• Problem details:
Everything in the records except the pictures must be copied out exactly.

• Available records:
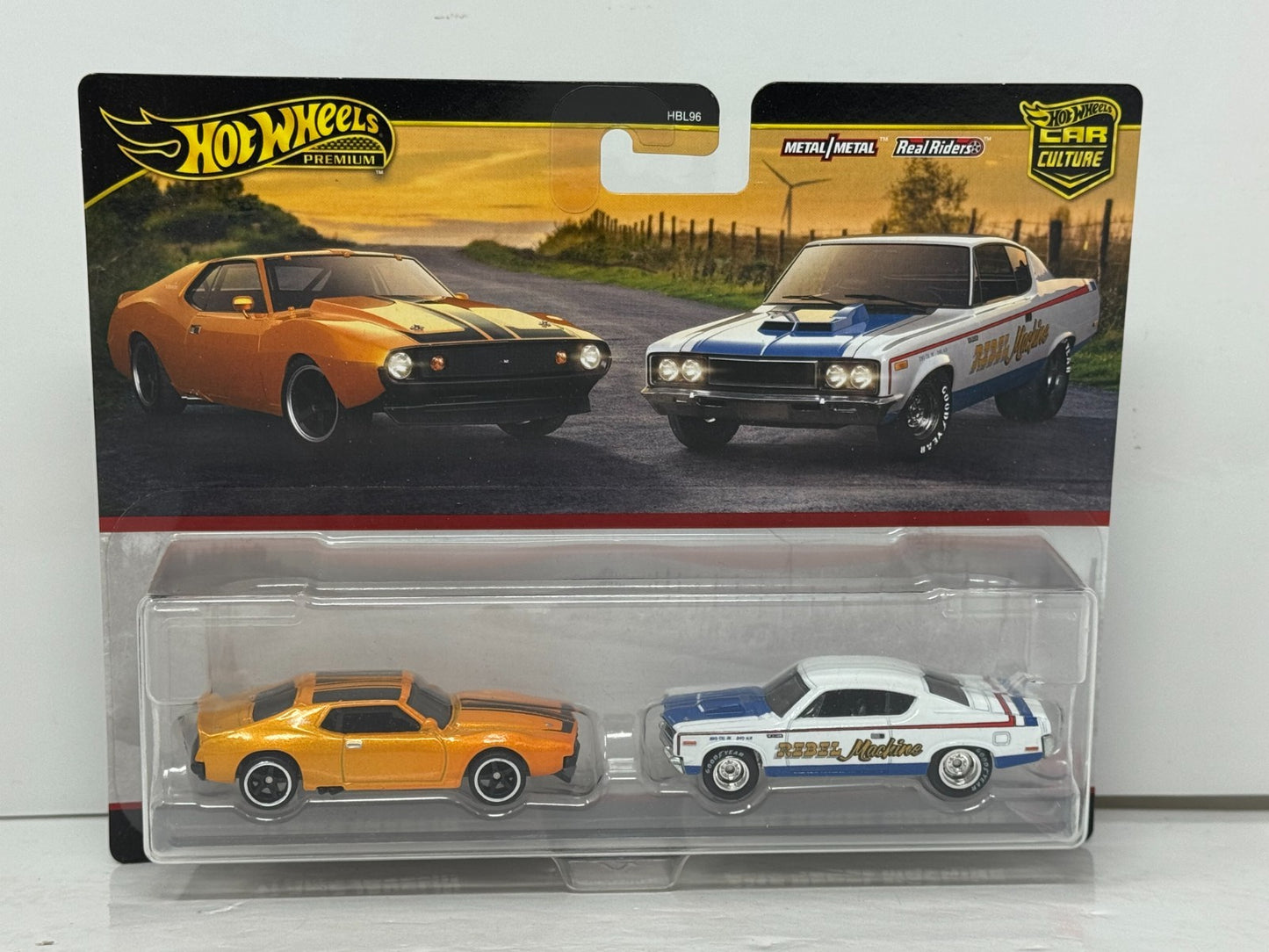 Hot Wheels Premium 1971 AMC Javelin & AMC Rebel Machine Car Culture 1:64 Diecast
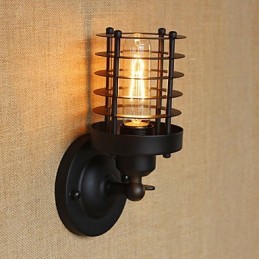 Rustic Lodge Country Starožitná mosadz funkcia pre nástenné svietidlo s okolitým svetlom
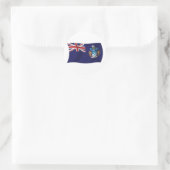 Autocollant du drapeau de Tristan da Cunha (Sac)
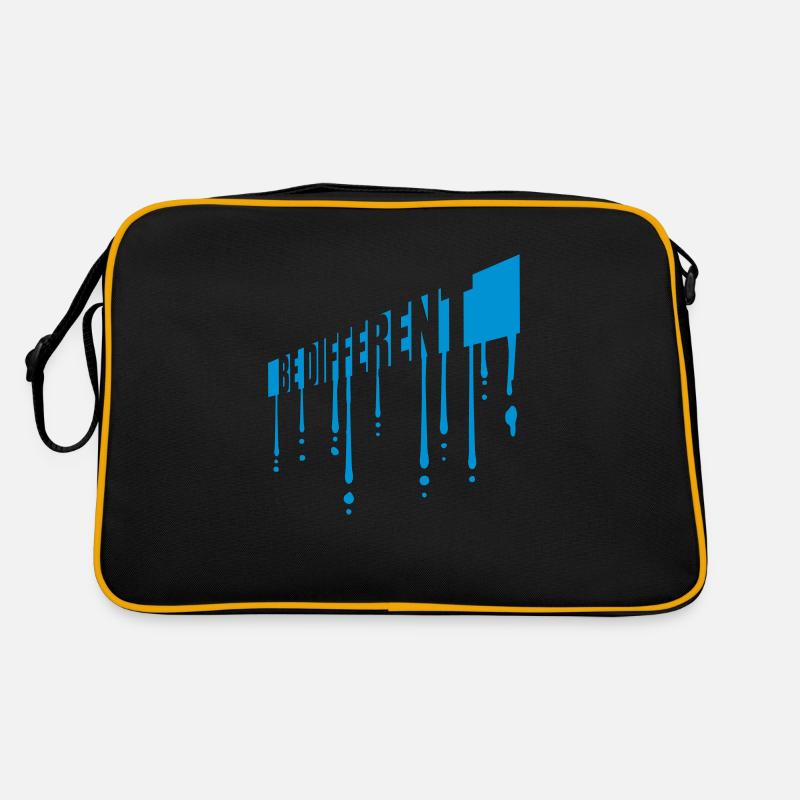 Be different Logo Design - Retro Tasche - Schwarz/Gold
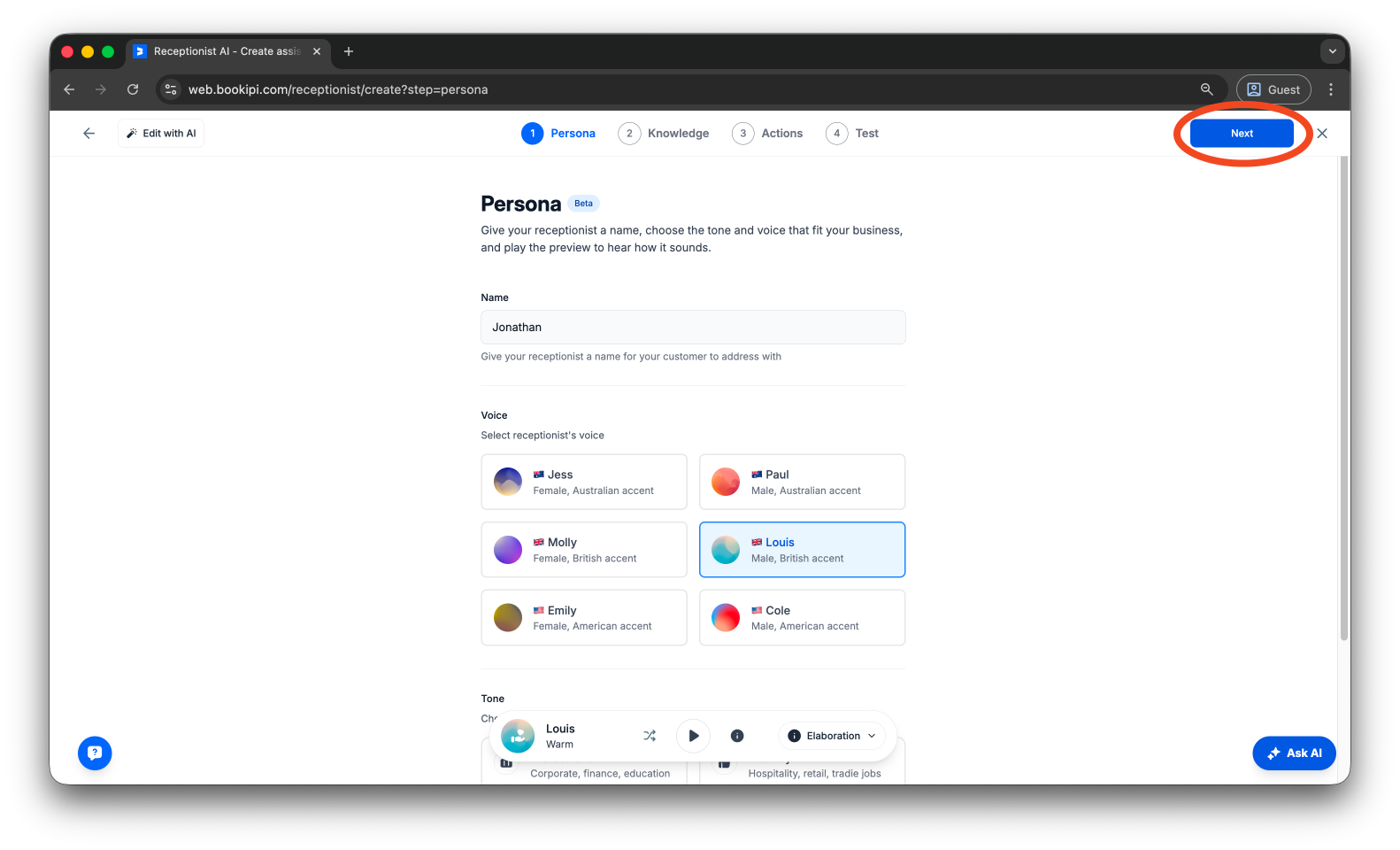 Uncategorized - How to edit your Bookipi AI Receptionist - 6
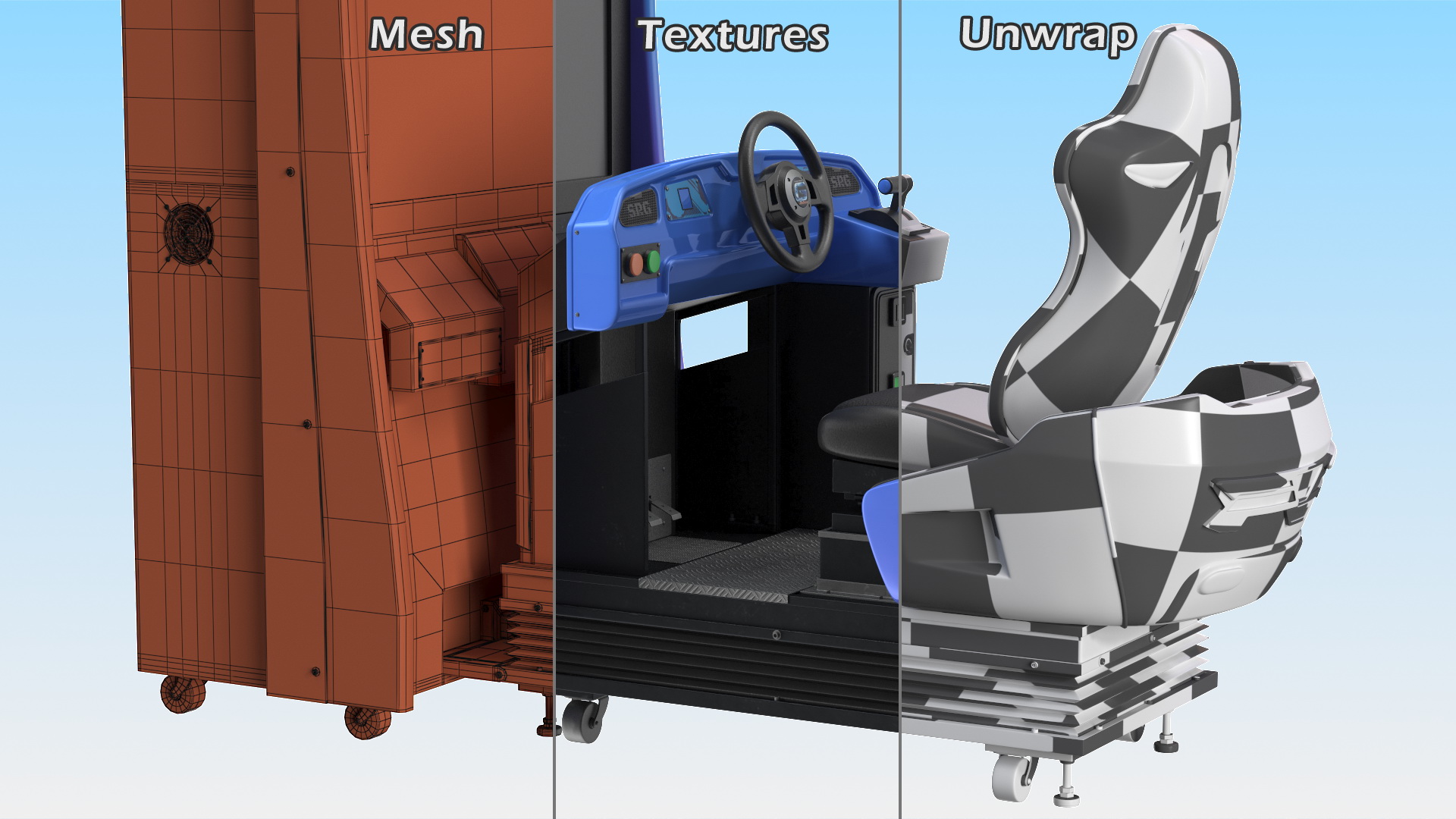 Storm Racer G Motion Deluxe Driving Arcade Machine Off 3D model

• Response for this exercise:
 Hot Wheels Premium 1971 AMC Javelin & AMC Rebel Machine Car Culture 1:64 Diecast
 Rustic Lodge Country Starožitná mosadz funkcia pre nástenné svietidlo s okolitým svetlom
 Autocollant du drapeau de Tristan da Cunha (Sac)
 Be different Logo Design - Retro Tasche - Schwarz/Gold
 Uncategorized - How to edit your Bookipi AI Receptionist - 6
 Storm Racer G Motion Deluxe Driving Arcade Machine Off 3D model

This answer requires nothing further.